Schema Reference#

Field-by-field reference for the JSON Schemas bundled with eval-toolkit. The schemas live at src/eval_toolkit/schemas/ and ship inside the installed wheel — they’re discoverable programmatically and validatable via the optional [validation] extra or the eval-toolkit CLI.

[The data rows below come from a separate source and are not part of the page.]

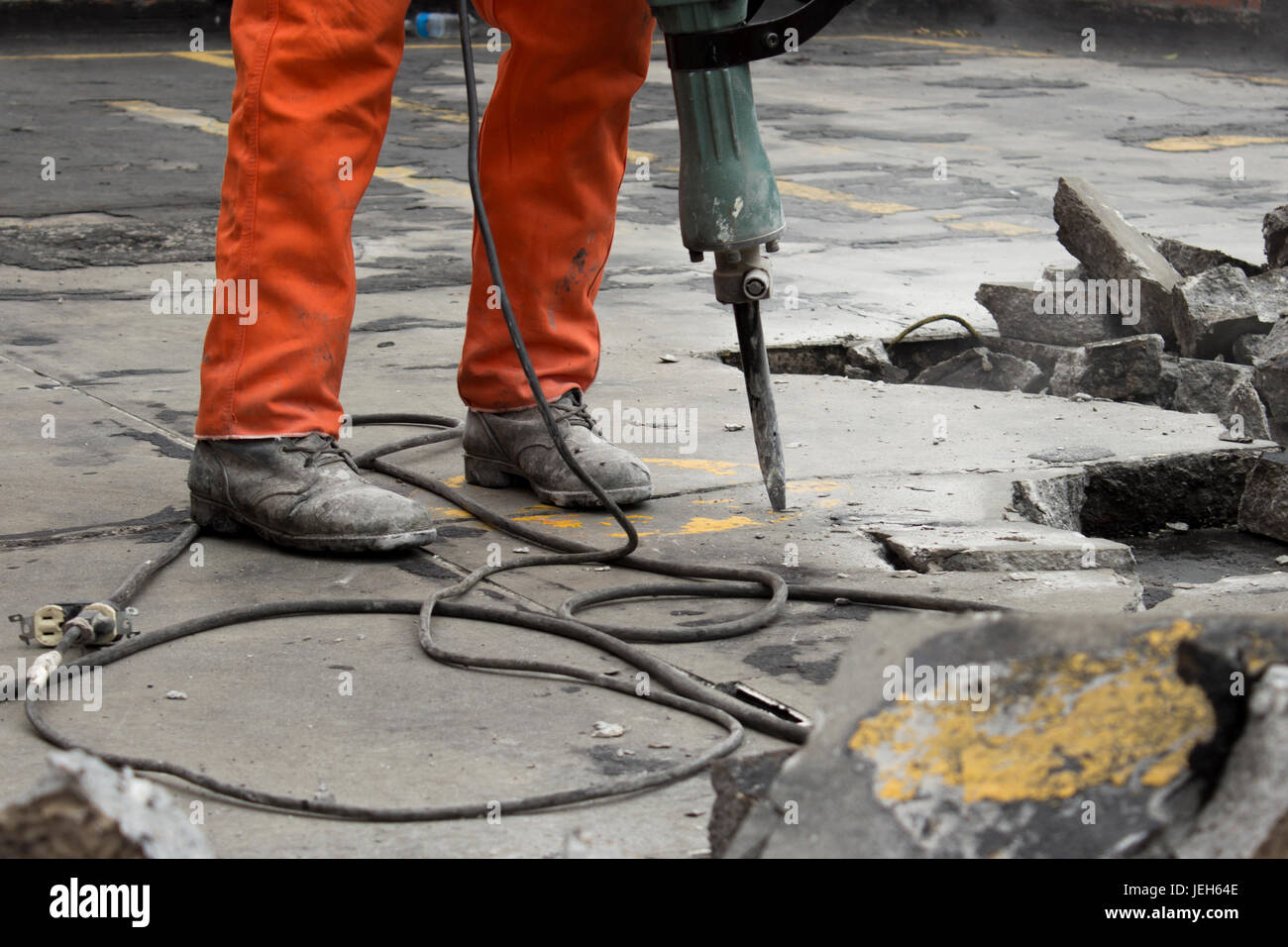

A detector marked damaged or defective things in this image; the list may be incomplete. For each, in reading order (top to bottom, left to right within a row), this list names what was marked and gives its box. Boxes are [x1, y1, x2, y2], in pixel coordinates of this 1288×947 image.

broken concrete slab [1046, 176, 1181, 345]
broken concrete slab [1141, 232, 1260, 277]
broken concrete slab [1260, 204, 1284, 269]
broken concrete slab [975, 281, 1110, 349]
broken concrete slab [1165, 265, 1260, 363]
broken concrete slab [836, 341, 908, 384]
broken concrete slab [912, 349, 1046, 392]
broken concrete slab [1054, 335, 1165, 402]
broken concrete slab [1229, 450, 1284, 539]
broken concrete slab [864, 523, 1126, 575]
broken concrete slab [729, 614, 1288, 860]
broken concrete slab [0, 753, 213, 864]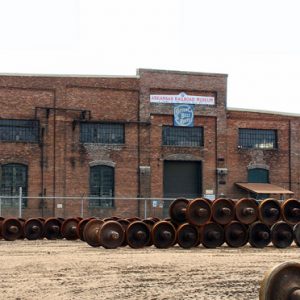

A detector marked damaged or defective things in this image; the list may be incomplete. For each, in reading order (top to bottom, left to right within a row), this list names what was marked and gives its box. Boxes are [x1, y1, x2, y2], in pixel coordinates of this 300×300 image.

rusty steel wheel [169, 198, 188, 224]
rusty steel wheel [186, 198, 212, 226]
rusty steel wheel [211, 197, 234, 225]
rusty steel wheel [234, 197, 258, 225]
rusty steel wheel [258, 198, 282, 226]
rusty steel wheel [282, 198, 300, 224]
rusty steel wheel [1, 218, 22, 241]
rusty steel wheel [23, 218, 44, 239]
rusty steel wheel [43, 217, 62, 240]
rusty steel wheel [61, 217, 79, 240]
rusty steel wheel [76, 218, 95, 241]
rusty steel wheel [83, 219, 104, 247]
rusty steel wheel [99, 220, 124, 248]
rusty steel wheel [126, 220, 151, 248]
rusty steel wheel [151, 220, 177, 248]
rusty steel wheel [176, 223, 199, 248]
rusty steel wheel [200, 220, 224, 248]
rusty steel wheel [225, 220, 248, 248]
rusty steel wheel [247, 220, 270, 248]
rusty steel wheel [270, 220, 292, 248]
rusty steel wheel [258, 262, 300, 298]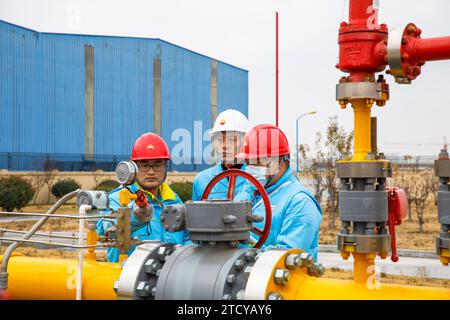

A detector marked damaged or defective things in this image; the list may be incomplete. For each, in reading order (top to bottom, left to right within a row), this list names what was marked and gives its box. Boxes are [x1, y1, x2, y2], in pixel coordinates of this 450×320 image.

Scope. This doc describes what’s in each schema today. For the evolution policy (when fields are added, when .vN bumps, how consumers should treat additionalProperties: true), read methodology/versioning.md § schema-evolution. For the data model underlying prediction_artifacts and claim_report, read methodology/artifacts.md and methodology/claims.md.

Inventory#

Three schemas. All Draft 2020-12. All "additionalProperties": true at the top level — old consumers gracefully ignore new optional fields.

Schema	Top-level shape	When produced	Consumers
`results.v1.json`	`RunResult` with per-row `scores` stripped	`eval_toolkit.harness.write_run_result(...)` writes `run_dir/results.json`	Report renderers, lightweight downstream parsers
`results_full.v1.json`	Same as above but `by_slice[].by_scorer[].scores` arrays retained	Same harness call, second file (`results_full.json`)	Replay pipelines, post-hoc bootstrap on the original scores
`manifest.v1.json`	`RunManifest` — env / seeds / hashes / source roles	`eval_toolkit.manifest.write_manifest(...)` writes `run_dir/manifest.json`	Reproducibility audits, NeurIPS-aligned report templates

`results.v1.json`#

Required: schema_version, run_id, config, by_slice.

Field	Type	Required	Since	Semantics
`schema_version`	`"v1"` (const)	yes	v0.5	Stable version label. Bumps on breaking output changes.
`run_id`	string (min length 1)	yes	v0.5	Caller-supplied unique identifier for the run.
`git_sha`	string \| null	optional	v0.5	Captured via `capture_git_sha()`. `null` if not in a git repo or git is unavailable.
`config`	object	yes	v0.5	Eval-time config: `n_resamples`, `seed`, scorers, slices, `paired_diffs`, `on_scorer_error`, optional `leakage_report`. Free-form within the toolkit’s contract.
`by_slice`	object of slice-blocks	yes	v0.5	Per-slice nested results. See below.
`by_fold`	object	optional	v0.7	Per-fold raw `RunResult` payloads when `evaluate_folded(...)` is used. Empty for single-fold runs.
`fold_summary`	object	optional	v0.7	CV-CI summary indexed by `[slice][scorer][metric]` → `{mean, ci_low, ci_high, n_folds}`. Empty for non-folded runs.
`claim_report`	object	optional	v0.9	`ClaimReport.to_dict()` payload from `evaluate_claims(...)`.
`prediction_artifacts`	array of objects	optional	v0.9	List of `PredictionArtifactRef.to_dict()` entries.
`evidence_axes`	array of objects	optional	v0.9	Each entry `{name, value}` — see `EvidenceAxis`.
`pairing_metadata`	object	optional	v0.9	`PairingMetadata.to_dict()` payload.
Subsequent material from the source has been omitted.